Un organismo è un sistema vivente contiguo capace di rispondere a vari stimoli, di riprodursi e di autoregolarsi. Un “superorganismo” invece rappresenta un organismo composto da molti individui che lavorano sinergicamente e possono essere considerati come singola unità. Un esempio di questi organismi sono i biofilm.

Queste strutture possono essere multispecie o monospecie e rappresentano colonie batteriche che nascono da un auto-organizzazione biologica dei microrganismi. Di conseguenza, tutti i biofilm possono essere considerati come un insieme di microrganismi adesi ad una stessa superficie e la loro struttura può variare in relazione alle diverse condizioni ambientali o il tipo di superficie.

Le capacità di movimento

Il movimento è una caratteristica di quasi tutte le forme animali ed anche i batteri hanno sviluppato diversi modi per muoversi in maniera attiva. I microrganismi possono quindi nuotare, sciamare, scivolare o rotolare a seconda della specie, delle condizioni ambientali e della superficie.

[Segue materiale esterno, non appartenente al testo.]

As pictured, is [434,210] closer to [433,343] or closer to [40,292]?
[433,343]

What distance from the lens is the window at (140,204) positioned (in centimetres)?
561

Un aspetto probabilmente riconducibile solo al mondo microbico è la capacità di mettere in atto dei movimenti che richiedono l’interazione, nonché collaborazione, tra gruppi di batteri. Infatti, vi sono casi in cui i batteri sono incapaci di adottare movimenti singolarmente e necessitano della collaborazione di altri individui. Il nuoto, lo scivolamento e il ruzzolamento possono essere eseguiti da singole cellule mentre il movimento “in sciame” (swarming) si verifica solo in gruppi cellulari.

Batteri fissi e mobili: quali sono le differenze?

I batteri mobili e quelli non mobili presentano differenze strutturali, cioè l’assenza di strutture adatte al movimento, come si vede nelle Fig. 1 e 2. In particolare, nella Fig. 3, è possibile osservare la presenza del flagello che viene utilizzato come elica e permette al batterio di muoversi nel mezzo dove inizia la crescita (Fig. 2).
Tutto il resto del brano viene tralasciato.